Last fall the PUCO ruled that ratepayers would instead have to pay a “distribution modernization rider” of $200 million per year. Despite the name, the money collected is not for any specific grid projects. Instead, it’s supposed to boost FirstEnergy’s credit rating to make it easier for the company to borrow money as and when it eventually does any such work.

Back in the fall, FirstEnergy claimed the money would not be enough. Now the company is asking lawmakers for more.

Details and costs for customers for FirstEnergy’s ZEN program are not yet known, said Young.

Nonetheless, FirstEnergy materials circulated to some state legislators this winter suggested that a $17/megawatt-hour credit would raise rates for its average residential customer “less than 5 percent” through a non-bypassable rider. That means all distribution customers would have to pay for it, regardless of who their generation provider was.

Ohio Rep. Bill Seitz (R-Cincinnati) noted last week that FirstEnergy’s new nuclear plan presented a “very difficult issue” and added that he didn’t know where the legislature would come out.

At the same conference, Seitz said plans were underway to scrap Ohio’s renewable energy and energy efficiency standards “in their entirety” and to replace them with voluntary goals. Seitz has previously said he also wants to keep the state’s property line setbacks for wind farm turbines, which were tripled in 2014.

Moreover, Ohio Rep. Louis Blessing (R-Colerain Township) circulated a memo last month looking for co-sponsors on a draft bill that would make Ohio’s renewable portfolio standards into voluntary goals and reduce the 2027 target to 17.2 percent.

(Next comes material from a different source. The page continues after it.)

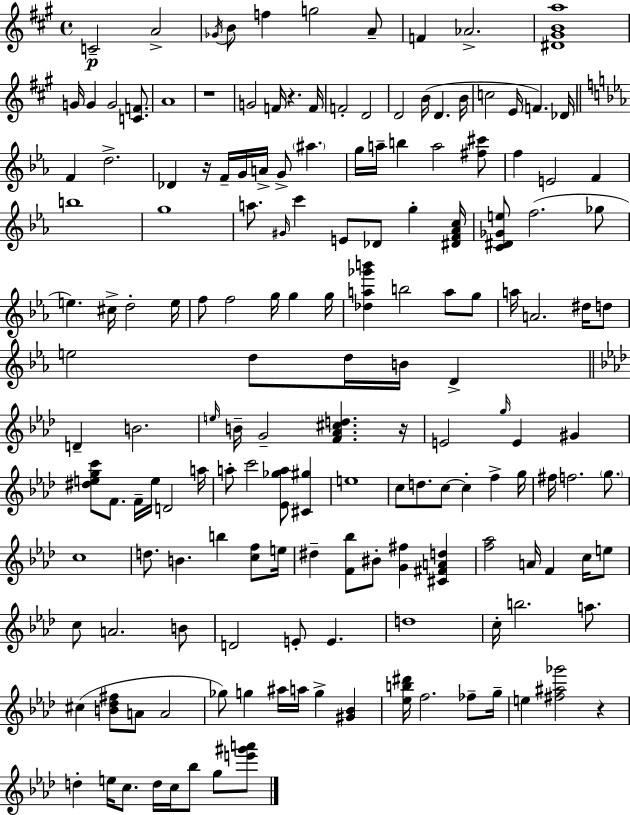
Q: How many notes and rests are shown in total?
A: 163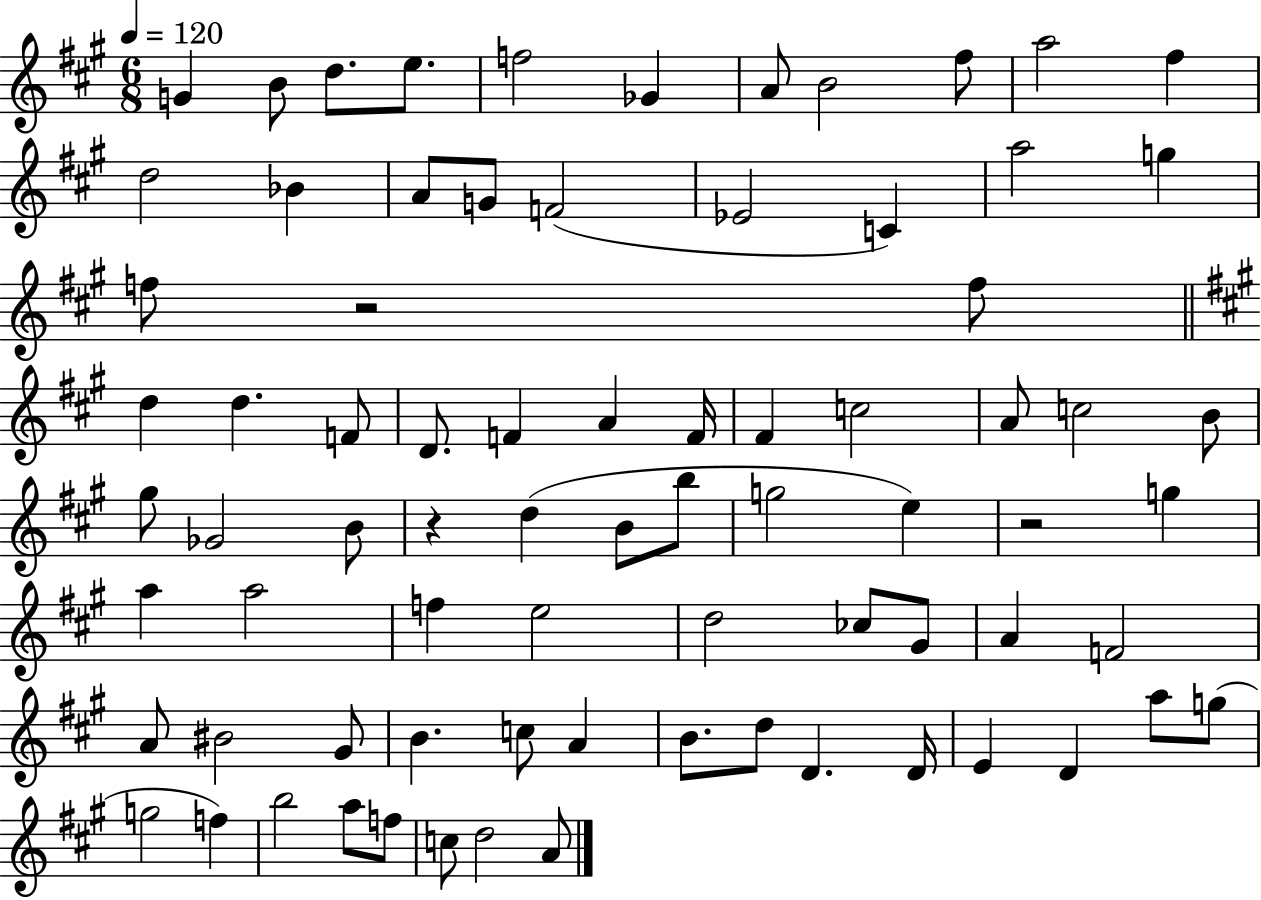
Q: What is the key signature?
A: A major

 ‘Not all zero emissions are alike’

“FirstEnergy’s two nuclear plants are old, and we are asking why Ohioans should be paying for a nuclear subsidy when other resources are less risky, less expensive and much better for the environment overall,” said Demeter at the Ohio Environmental Council.

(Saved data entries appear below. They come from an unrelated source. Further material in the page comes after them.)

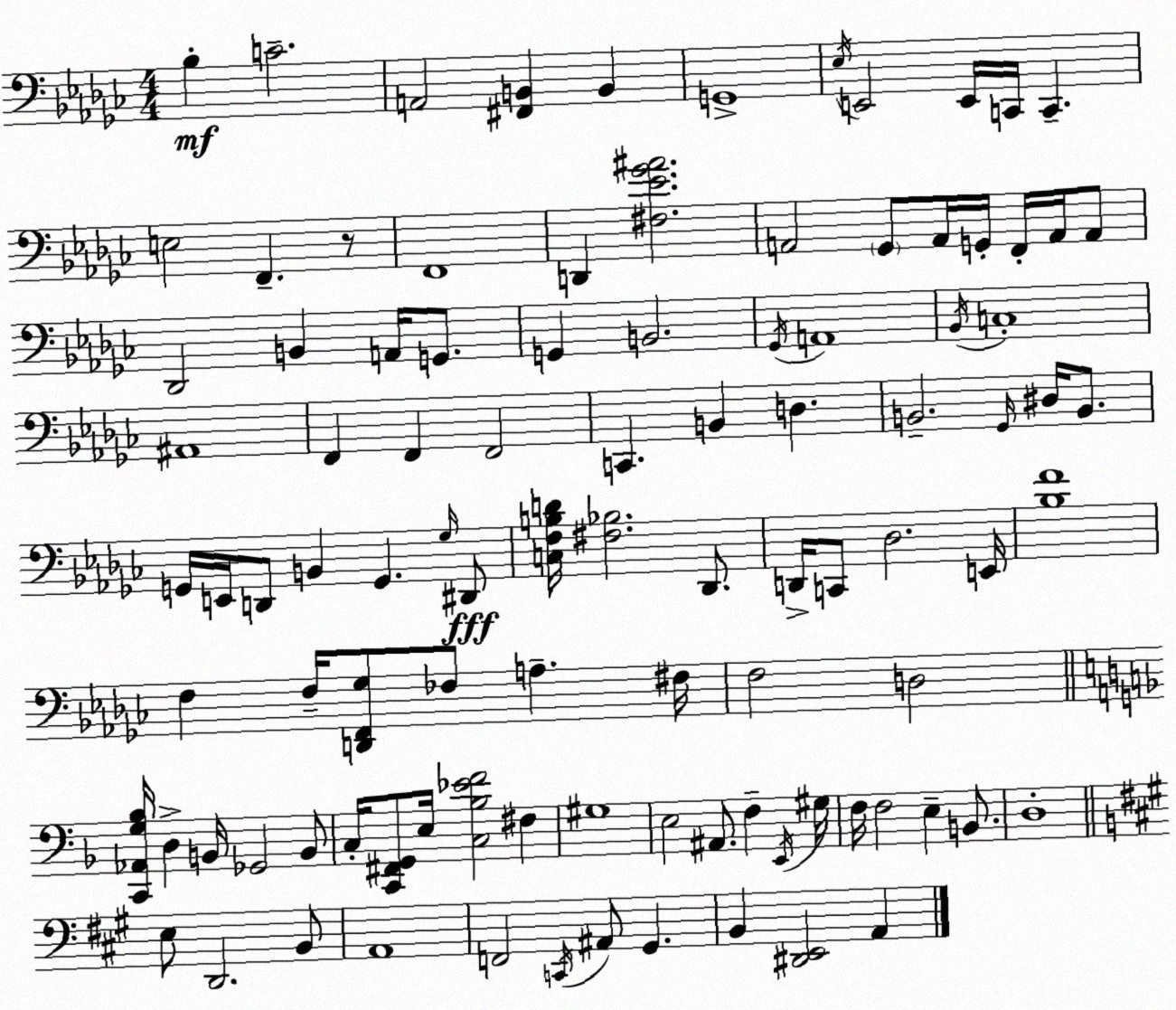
X:1
T:Untitled
M:4/4
L:1/4
K:Ebm
_B, C2 A,,2 [^F,,B,,] B,, G,,4 _E,/4 E,,2 E,,/4 C,,/4 C,, E,2 F,, z/2 F,,4 D,, [^F,_E_G^A]2 A,,2 _G,,/2 A,,/4 G,,/4 F,,/4 A,,/4 A,,/2 _D,,2 B,, A,,/4 G,,/2 G,, B,,2 _G,,/4 A,,4 _B,,/4 C,4 ^A,,4 F,, F,, F,,2 C,, B,, D, B,,2 _G,,/4 ^D,/4 B,,/2 G,,/4 E,,/4 D,,/2 B,, G,, _G,/4 ^D,,/2 [C,F,B,D]/4 [^F,_B,]2 _D,,/2 D,,/4 C,,/2 _D,2 E,,/4 [_B,F]4 F, F,/4 [D,,F,,_G,]/2 _F,/2 A, ^F,/4 F,2 D,2 [C,,_A,,G,_B,]/4 D, B,,/4 _G,,2 B,,/2 C,/4 [C,,^F,,G,,]/2 E,/4 [C,_B,_EF]2 ^F, ^G,4 E,2 ^A,,/2 F, E,,/4 ^G,/4 F,/4 F,2 E, B,,/2 D,4 E,/2 D,,2 B,,/2 A,,4 F,,2 C,,/4 ^A,,/2 ^G,, B,, [^D,,E,,]2 A,,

“Not all zero-emissions sources are alike,” she stressed. “Nuclear energy carries with it a heavy toll when evaluating this resource cradle-to-grave.” In Demeter’s view, it makes much more economic sense to invest heavily in renewables, which avoid those risks.

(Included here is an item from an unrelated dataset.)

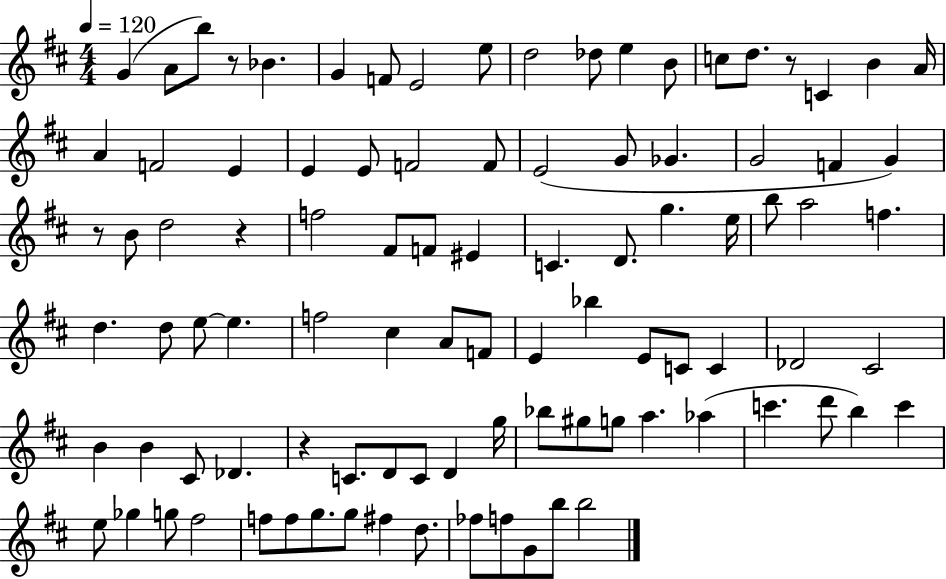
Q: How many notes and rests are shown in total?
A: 96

“Once a wind turbine or solar panel is installed, there is no fuel that must be extracted from the ground, and there is no waste to deal with afterwards,” she noted. And combining them with innovative technologies like battery storage “will make renewables virtually unstoppable as the primary energy source we rely on in the near future.”

Demeter also distinguished FirstEnergy’s ZEN proposal from the state’s renewable portfolio standard.

“Ohio’s RPS is a market mechanism to ensure we’re maximizing clean energy opportunities in Ohio, and diversifying our energy portfolio in a responsible way,” she explained. “What FirstEnergy is asking for is a direct subsidy of two nuclear power plants that appear to be losing money in the regional energy markets.”

“The company is seeking ratepayer protection for these plants, but shareholders, not ratepayers, should be on the hook for the bet the company made on nuclear plants,” Demeter said.